Des signes du ciel dans le corps
- En de tels hommes, l’esprit s’absorbe dans l’oubli, le visage est paisible, tout le front s’élargit ; désolés comme l’automne, doux comme le printemps, leurs colères et leur joie communiquent avec les saisons.
- Ils s’ajustent aux choses et nul ne sait jusqu’où…
Enrôlement de l’air
- Qu’est-ce qui, mieux que la respiration, peut exprimer cet échange continuel entre le moi et le monde, le dedans et le dehors, mieux que cette activité continue qui commence avant la naissance et ne s’arrête qu’à l’instant de la mort ?
- Le type d’échange que nous avons avec l’air marque infailliblement la pulsation de notre rythme vital.
- La multitude, qui ne respire que par la gorge, suffoque, le souffle entravé, et semble vomir ses paroles…
- Au contraire l’homme authentique, respirant par les talons se retrouve dans sa physiologie ; il s’agit seulement de comprendre que la respiration est autre chose que l’action d’inhaler et de cracher de l’air par les narines et la bouche mais que c’est une façon de se remplir, de se nourrir de l’extérieur et de « redonner » l’intérieur à chaque seconde, selon le processus duel en phase avec le fonctionnement du monde : un coup Yin, un coup Yang. En respirant par les talons, tout le corps est sollicité et bénéficie de fond en comble du renouvellement continu du souffle énergétique qui nous constitue et nous anime. L’homme prend alors racine dans le sol ce qui fait affluer le souffle Yin qui le nourrit, en un mouvement ascendant.
- Leurs humeurs internes évoluent au diapason du temps qu’il fait. Ils ajustent l’humain au ciel dans une pensée qui conçoit le souffle vital, le Qi, comme le principe unique et continu des transformations atmosphériques et des influx physiologiques.

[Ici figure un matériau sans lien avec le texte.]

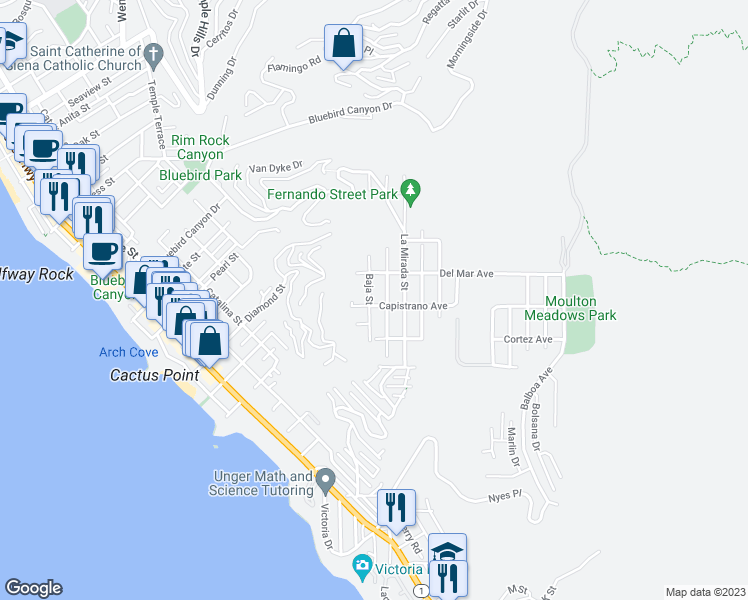 map of restaurants, bars, coffee shops, grocery stores, and more near 1020 Baja Street in Laguna Beach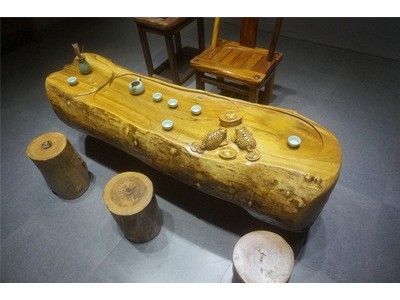 黄金樟根雕茶台办公泡茶桌实木茶桌整体茶几功夫茶海天然根艺雕刻图2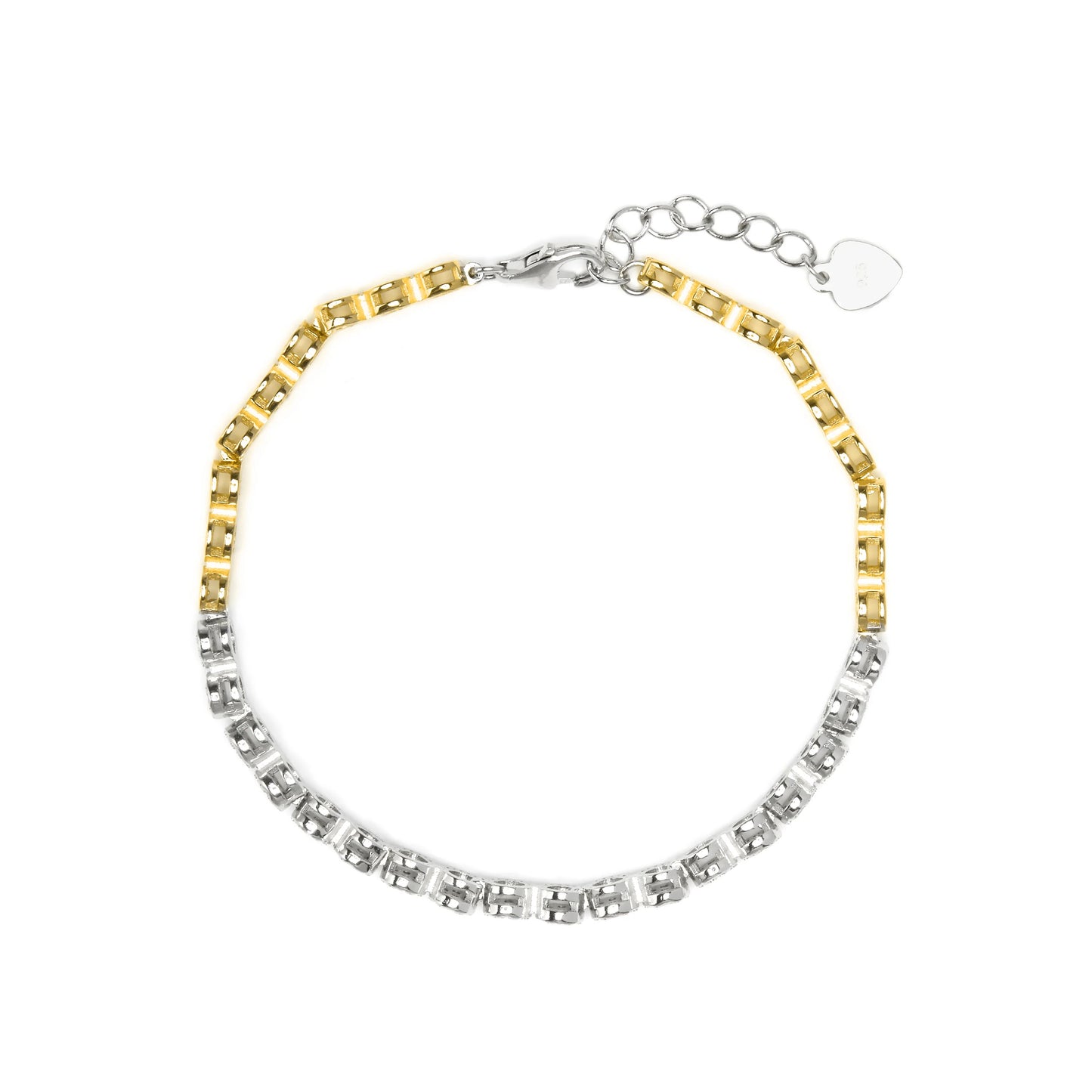 Pulsera de Plata de Ley 925 y Circonita Brillante acabado en oro amarillo 18k - Mailu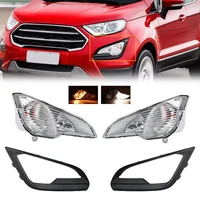 Luz antiniebla del parachoques delantero, faro DRL para Ford Ecosport 2018 2019 2020, marco de faros antiniebla ABS, moldura negra, embellecedor de lámpara, accesorios para coche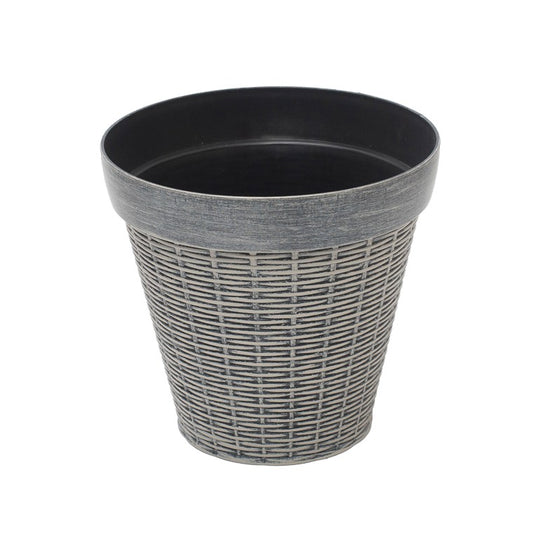 Wicker Planter, 20cm, Grey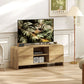 TV Stand for up to 55 Inch TV, Nordic Entertainment Center with 2 Cabinets and 2 Open Shelves for Living Room, Natural Wood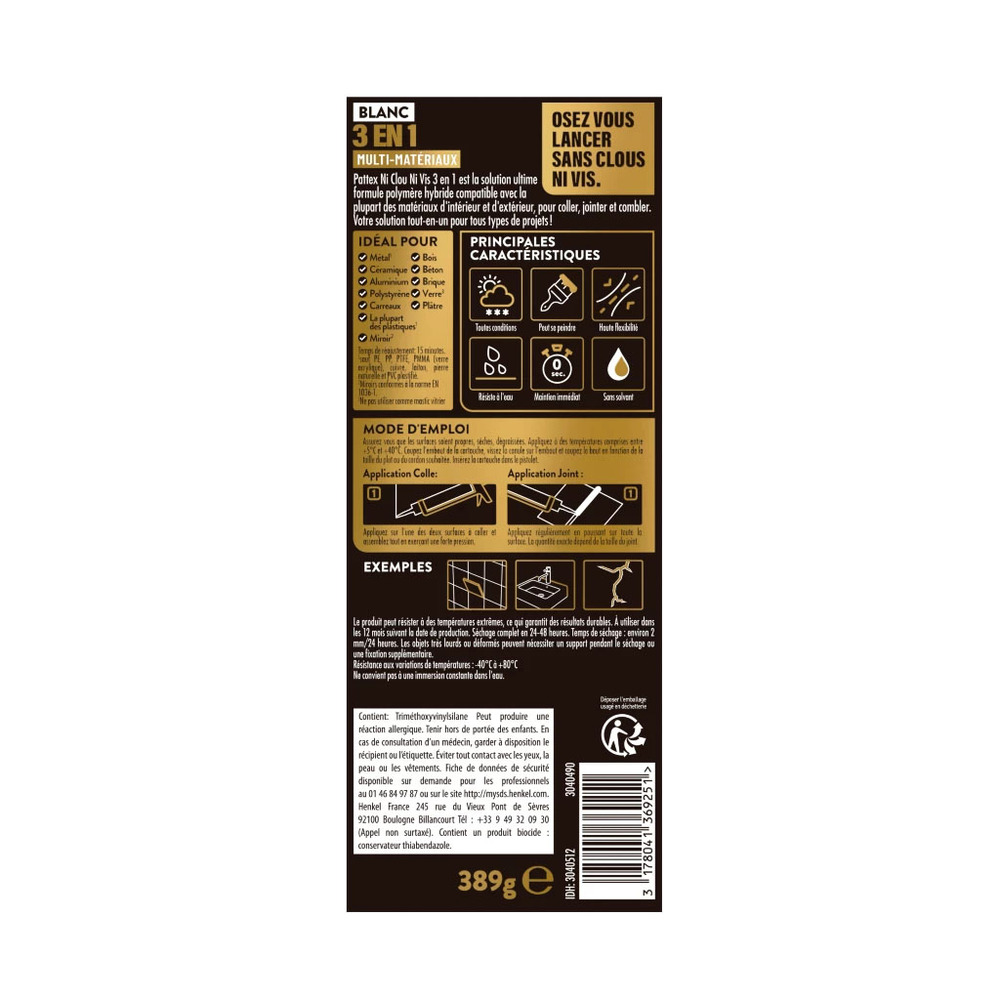 Mastic-Colle Ni Clou Ni Vis 3en1 389 g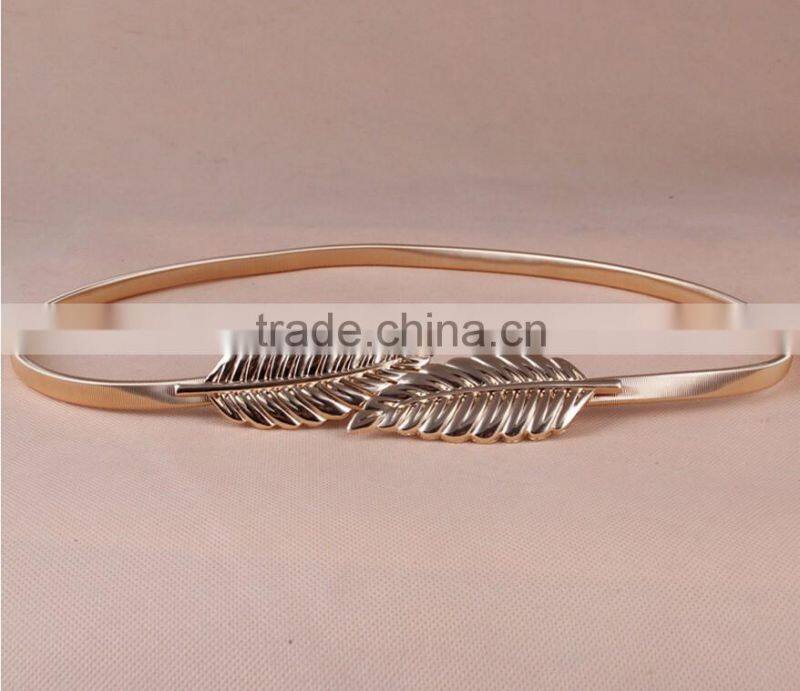 European metal leaf dress belt female thin elastic stretch belt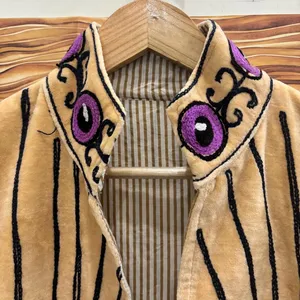 Vintage Champagne <b>Velvet</b> Embroidered Suzani <b>Jacket</b> With Eye Pattern Full Sleeve Stand Collar Handmade Bohemian Winter Outerwear - Product Image 3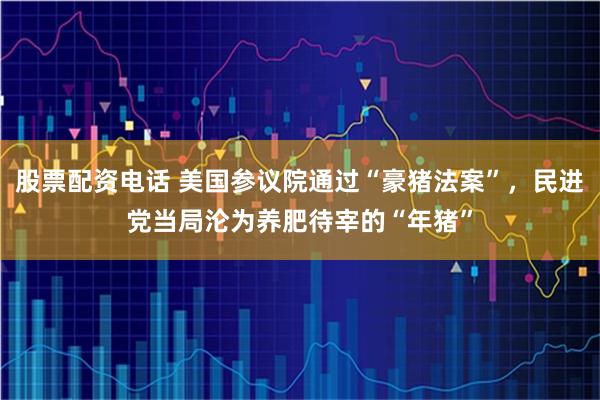 股票配资电话 美国参议院通过“豪猪法案”，民进党当局沦为养肥待宰的“年猪”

- Les émotions ne sont pensées que comme les modulations internes d’un climat global affectant le monde se manifestant sous forme des saisons au niveau du ciel et d’affects sur le plan corporel.
Etre authentiquement homme c’est maintenir le double compagnonnage du ciel et de l’homme, le céleste par quoi tout se fait et l’humain par quoi nous faisons le monde.